Ouch,man that blows. Sounds like the dealership took their sweet time to screw you over.Just make sure you direct your anger at the dealership and the leasing people?Cause Nissans are the most beautiful cars in the world.


----------



## Asleep (Jan 19, 2003)

MajorTom said:


> Ouch,man that blows. Sounds like the dealership took their sweet time to screw you over.Just make sure you direct your anger at the dealership and the leasing people?Cause Nissans are the most beautiful cars in the world.


i actually agree with you on this one, about 97%. i think porsches are the most beautiful cars, but anyways...

to the thread starter, you do realize that your one bad experience is not going to sway an entire discussion board that exists for nissans, to stop buying anything nissan?
hopefully, your case is an isolated one. nissans are not really that bad. im sure the ford and chrysler boys have a lot more to bitch about...


----------



## MajorTom-s13-rb20det (Jan 6, 2009)

You?Agree with me?Now thats a change of pace.Funny you mention Porsche,You know that the guy who designed the Carrera GT designed the R35 GTR? Even the styling is essentially the same. On a long enough timeline,the survival rate for everyone is eventually zero,Ford and Chrysler need to step into the light cause there days are over.


----------



## Asleep (Jan 19, 2003)

MajorTom said:


> You?Agree with me?Now thats a change of pace.Funny you mention Porsche,You know that the guy who designed the Carrera GT designed the R35 GTR? Even the styling is essentially the same. On a long enough timeline,the survival rate for everyone is eventually zero,Ford and Chrysler need to step into the light cause there days are over.

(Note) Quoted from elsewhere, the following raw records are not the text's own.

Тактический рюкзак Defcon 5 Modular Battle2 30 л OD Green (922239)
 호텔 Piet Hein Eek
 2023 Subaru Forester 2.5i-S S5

lol, i limit my arguments/disgruntled comments to one thread at a time. i may not agree with you somewhere or get into it with you somewhere else, but each thread is a new thread and i hold no grudges. nothing personal here - its the internet. 
i had read that about the designers. pretty interesting if you think about it. the 911/996 etc platforms are very well designed platforms. its very smart to use the same knowledge on other platforms as well.


----------



## vrefron (Dec 18, 2007)

I had an awful experience myself with Toyota Financial, though I think they have a great product. It taught me to stay away from manufacturer financing companies in general. I finance cars through my credit union now. Bummer though.


----------



## MajorTom-s13-rb20det (Jan 6, 2009)

Yes its pretty interesting,not to get off subject but I wonder what other platforms can be applied the same way?Car companies are turning on their customers,the same way banks and mortgage companies did with the recession in full swing.My wife finances her car thru a credit union,and whenever I decide to fork over the downpayment on another new car I guess Ill do the same.Right now we hav my s13,my 02 Frontier,and her 03 Camry,and theyre all paid off except the Camry,we only have afew months left on it,thank gawd.I say avoid the credit vampires,cash is the way to go.These companies are all designed to mire you in more and more debt,and the auto industry isnt any different.


----------



## Asleep (Jan 19, 2003)

MajorTom said:


> Yes its pretty interesting,not to get off subject but I wonder what other platforms can be applied the same way?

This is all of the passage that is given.